(Short text fragments from websites)
Content starts
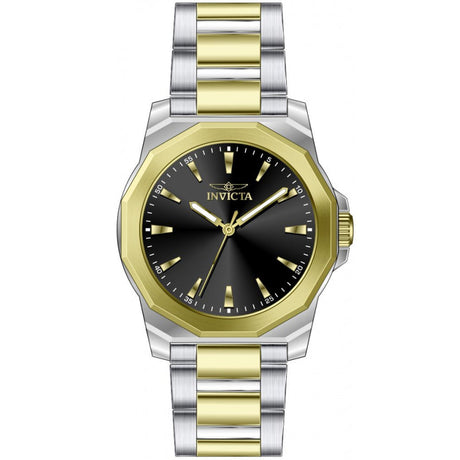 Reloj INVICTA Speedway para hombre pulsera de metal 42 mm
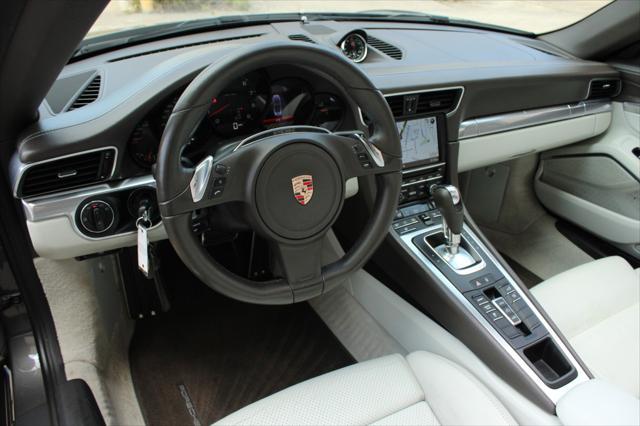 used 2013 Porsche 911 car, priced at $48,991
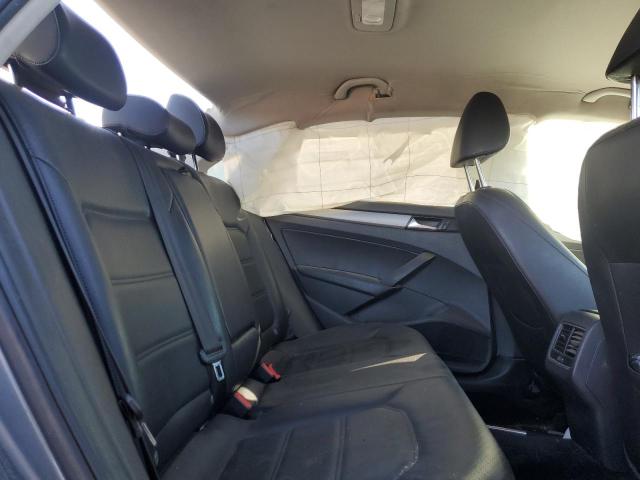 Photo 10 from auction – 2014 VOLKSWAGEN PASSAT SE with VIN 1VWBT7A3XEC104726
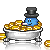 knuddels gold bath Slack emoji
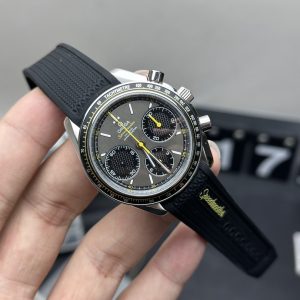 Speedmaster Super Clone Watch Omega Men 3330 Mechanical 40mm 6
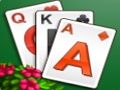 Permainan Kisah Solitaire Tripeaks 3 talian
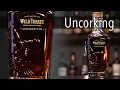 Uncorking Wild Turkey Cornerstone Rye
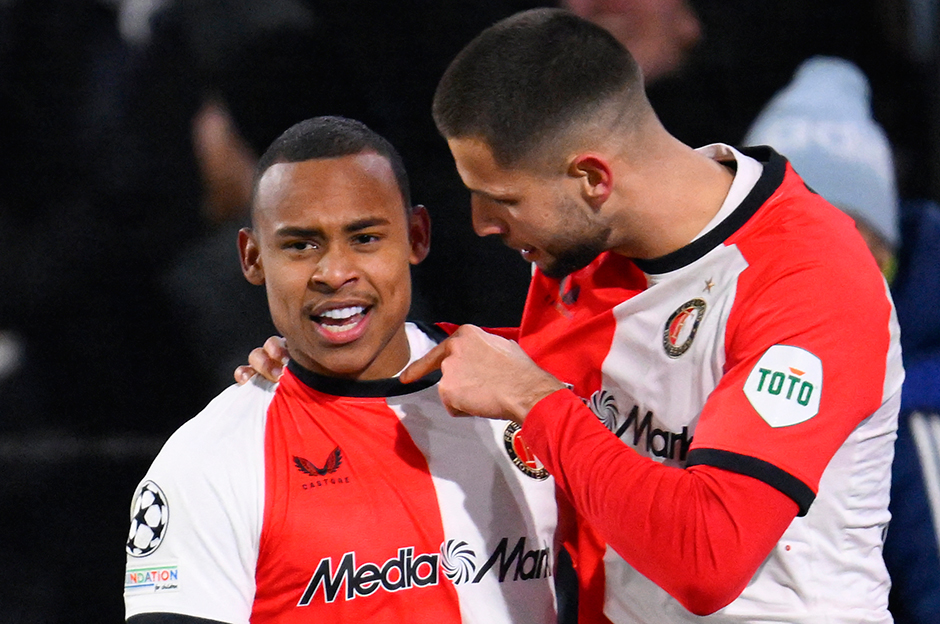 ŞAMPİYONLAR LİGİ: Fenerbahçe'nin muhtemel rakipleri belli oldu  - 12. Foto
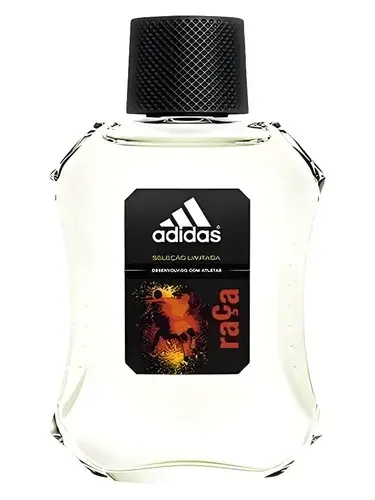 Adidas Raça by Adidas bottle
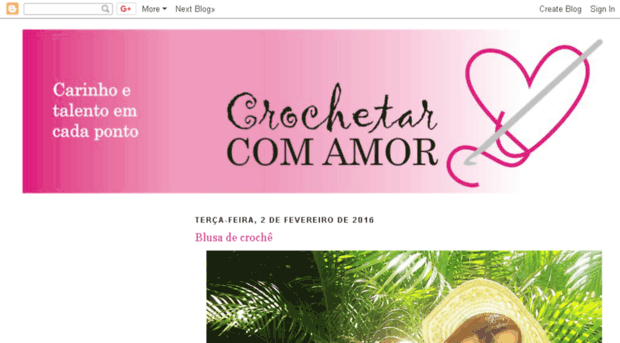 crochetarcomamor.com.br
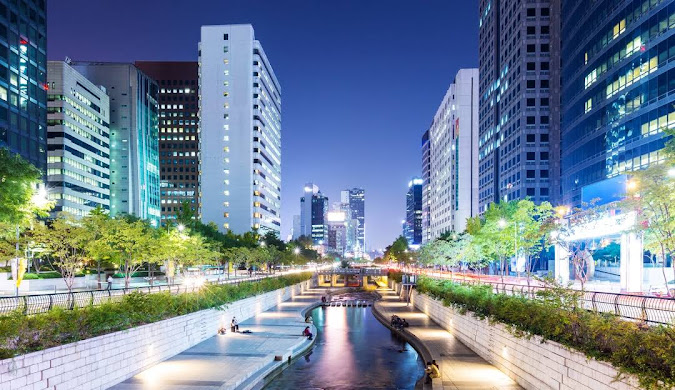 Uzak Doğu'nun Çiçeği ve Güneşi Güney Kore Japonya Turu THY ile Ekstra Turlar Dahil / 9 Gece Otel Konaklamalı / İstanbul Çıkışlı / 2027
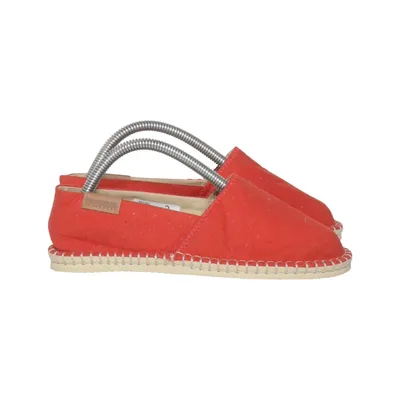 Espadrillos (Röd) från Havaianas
Content ends
Content starts
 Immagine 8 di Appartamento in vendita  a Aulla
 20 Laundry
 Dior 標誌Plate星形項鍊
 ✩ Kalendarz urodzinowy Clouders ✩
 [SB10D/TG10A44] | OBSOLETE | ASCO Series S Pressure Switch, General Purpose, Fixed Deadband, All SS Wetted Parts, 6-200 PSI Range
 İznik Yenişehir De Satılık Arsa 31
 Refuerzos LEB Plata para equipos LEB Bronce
Content ends
What the task asks:
Between and including the line with "Photo 10 from" and the line with "Espadrillos (Röd) från Havaianas", repeat every line exactly as it appears above, with pictures left out.

Task output:
 Photo 10 from auction – 2014 VOLKSWAGEN PASSAT SE with VIN 1VWBT7A3XEC104726
 knuddels gold bath Slack emoji
 Speedmaster Super Clone Watch Omega Men 3330 Mechanical 40mm 6
 Permainan Kisah Solitaire Tripeaks 3 talian
 Uncorking Wild Turkey Cornerstone Rye
 ŞAMPİYONLAR LİGİ: Fenerbahçe'nin muhtemel rakipleri belli oldu  - 12. Foto
 Adidas Raça by Adidas bottle
 crochetarcomamor.com.br
 Uzak Doğu'nun Çiçeği ve Güneşi Güney Kore Japonya Turu THY ile Ekstra Turlar Dahil / 9 Gece Otel Konaklamalı / İstanbul Çıkışlı / 2027
 Espadrillos (Röd) från Havaianas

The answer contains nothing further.